(SOURCE INFORMATION)

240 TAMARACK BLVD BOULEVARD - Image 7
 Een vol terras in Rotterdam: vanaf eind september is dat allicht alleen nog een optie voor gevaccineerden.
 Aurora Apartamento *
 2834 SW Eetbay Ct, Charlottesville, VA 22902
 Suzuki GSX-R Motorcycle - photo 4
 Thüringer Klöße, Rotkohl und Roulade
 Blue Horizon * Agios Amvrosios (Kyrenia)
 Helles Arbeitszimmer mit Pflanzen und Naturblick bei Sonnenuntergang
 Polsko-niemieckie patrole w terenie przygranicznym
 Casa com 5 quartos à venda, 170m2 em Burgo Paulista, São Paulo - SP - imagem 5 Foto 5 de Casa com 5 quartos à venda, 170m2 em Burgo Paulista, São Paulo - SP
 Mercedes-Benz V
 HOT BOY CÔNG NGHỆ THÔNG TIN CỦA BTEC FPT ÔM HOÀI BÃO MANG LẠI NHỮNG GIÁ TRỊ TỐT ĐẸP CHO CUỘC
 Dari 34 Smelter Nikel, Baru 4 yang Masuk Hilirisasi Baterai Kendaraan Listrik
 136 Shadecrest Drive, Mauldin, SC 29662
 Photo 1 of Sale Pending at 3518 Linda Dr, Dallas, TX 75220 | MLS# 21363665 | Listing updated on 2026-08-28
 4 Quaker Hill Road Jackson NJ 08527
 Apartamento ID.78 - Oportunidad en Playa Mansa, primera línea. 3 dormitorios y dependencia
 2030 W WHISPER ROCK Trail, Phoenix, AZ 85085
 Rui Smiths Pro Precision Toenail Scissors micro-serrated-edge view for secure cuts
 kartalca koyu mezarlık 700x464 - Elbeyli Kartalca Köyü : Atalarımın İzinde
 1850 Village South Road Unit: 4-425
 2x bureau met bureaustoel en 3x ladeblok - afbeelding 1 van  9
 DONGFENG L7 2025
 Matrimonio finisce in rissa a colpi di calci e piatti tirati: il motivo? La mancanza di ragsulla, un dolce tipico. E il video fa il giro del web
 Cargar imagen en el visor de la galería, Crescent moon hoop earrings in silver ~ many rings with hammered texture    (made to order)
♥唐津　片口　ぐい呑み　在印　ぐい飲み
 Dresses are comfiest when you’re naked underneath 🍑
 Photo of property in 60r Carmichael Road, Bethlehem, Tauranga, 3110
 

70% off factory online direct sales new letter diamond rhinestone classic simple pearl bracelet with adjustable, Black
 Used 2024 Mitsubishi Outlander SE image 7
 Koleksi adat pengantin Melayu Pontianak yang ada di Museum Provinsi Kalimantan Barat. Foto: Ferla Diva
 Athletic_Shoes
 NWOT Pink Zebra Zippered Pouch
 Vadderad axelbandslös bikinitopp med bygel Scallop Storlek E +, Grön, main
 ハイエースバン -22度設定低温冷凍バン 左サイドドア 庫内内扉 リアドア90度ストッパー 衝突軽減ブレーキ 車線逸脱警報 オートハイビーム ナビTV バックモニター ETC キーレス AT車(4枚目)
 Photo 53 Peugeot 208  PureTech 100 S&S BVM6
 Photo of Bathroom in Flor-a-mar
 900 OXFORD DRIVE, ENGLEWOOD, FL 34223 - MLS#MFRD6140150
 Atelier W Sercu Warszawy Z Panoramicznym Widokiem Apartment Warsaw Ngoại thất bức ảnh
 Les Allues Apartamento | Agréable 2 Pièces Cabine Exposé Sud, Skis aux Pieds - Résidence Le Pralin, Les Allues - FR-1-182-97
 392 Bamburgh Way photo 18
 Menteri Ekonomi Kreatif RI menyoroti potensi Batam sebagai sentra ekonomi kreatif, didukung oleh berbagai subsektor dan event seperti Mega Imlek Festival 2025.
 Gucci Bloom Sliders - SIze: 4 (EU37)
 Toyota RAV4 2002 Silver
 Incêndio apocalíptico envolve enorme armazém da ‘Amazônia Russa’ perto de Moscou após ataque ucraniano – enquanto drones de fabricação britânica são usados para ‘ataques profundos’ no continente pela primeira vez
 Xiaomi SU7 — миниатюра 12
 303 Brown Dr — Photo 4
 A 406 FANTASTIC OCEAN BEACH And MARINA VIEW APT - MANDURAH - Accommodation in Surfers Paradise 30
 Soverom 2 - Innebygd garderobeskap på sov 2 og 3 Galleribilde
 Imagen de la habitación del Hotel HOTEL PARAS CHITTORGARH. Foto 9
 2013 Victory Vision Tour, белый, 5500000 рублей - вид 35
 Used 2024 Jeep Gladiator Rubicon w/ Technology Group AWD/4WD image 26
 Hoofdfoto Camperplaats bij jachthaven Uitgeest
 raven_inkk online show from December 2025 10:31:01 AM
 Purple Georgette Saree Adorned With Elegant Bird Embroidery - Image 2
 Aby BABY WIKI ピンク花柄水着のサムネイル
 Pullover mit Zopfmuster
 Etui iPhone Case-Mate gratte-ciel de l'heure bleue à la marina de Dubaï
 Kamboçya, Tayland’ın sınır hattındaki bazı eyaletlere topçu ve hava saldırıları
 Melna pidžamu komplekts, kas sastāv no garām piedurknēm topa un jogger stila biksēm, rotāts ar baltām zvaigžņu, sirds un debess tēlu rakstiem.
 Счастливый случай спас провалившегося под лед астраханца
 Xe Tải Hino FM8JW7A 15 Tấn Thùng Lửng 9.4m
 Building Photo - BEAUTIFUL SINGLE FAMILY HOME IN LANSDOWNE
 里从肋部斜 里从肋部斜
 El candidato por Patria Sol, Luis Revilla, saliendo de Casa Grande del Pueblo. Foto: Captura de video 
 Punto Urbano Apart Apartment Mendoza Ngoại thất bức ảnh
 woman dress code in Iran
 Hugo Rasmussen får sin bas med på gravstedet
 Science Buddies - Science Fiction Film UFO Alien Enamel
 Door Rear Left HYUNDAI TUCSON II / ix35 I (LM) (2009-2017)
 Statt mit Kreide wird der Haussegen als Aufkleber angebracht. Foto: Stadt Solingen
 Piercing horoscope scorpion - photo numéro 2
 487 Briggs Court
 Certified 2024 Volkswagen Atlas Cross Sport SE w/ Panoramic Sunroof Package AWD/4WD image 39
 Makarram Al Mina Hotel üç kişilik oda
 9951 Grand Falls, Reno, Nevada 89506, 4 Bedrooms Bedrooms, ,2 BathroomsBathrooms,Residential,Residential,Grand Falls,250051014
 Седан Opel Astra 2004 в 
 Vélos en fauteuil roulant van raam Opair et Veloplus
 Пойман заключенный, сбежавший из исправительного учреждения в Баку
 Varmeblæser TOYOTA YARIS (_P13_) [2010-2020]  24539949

(End SOURCE INFORMATION)

PROBLEM >> Quote the data above verbatim from its first line to the line that includes "SP - imagem", with both boundary lines retained.

RESPONSE TO THE EXERCISE >>
240 TAMARACK BLVD BOULEVARD - Image 7
 Een vol terras in Rotterdam: vanaf eind september is dat allicht alleen nog een optie voor gevaccineerden.
 Aurora Apartamento *
 2834 SW Eetbay Ct, Charlottesville, VA 22902
 Suzuki GSX-R Motorcycle - photo 4
 Thüringer Klöße, Rotkohl und Roulade
 Blue Horizon * Agios Amvrosios (Kyrenia)
 Helles Arbeitszimmer mit Pflanzen und Naturblick bei Sonnenuntergang
 Polsko-niemieckie patrole w terenie przygranicznym
 Casa com 5 quartos à venda, 170m2 em Burgo Paulista, São Paulo - SP - imagem 5 Foto 5 de Casa com 5 quartos à venda, 170m2 em Burgo Paulista, São Paulo - SP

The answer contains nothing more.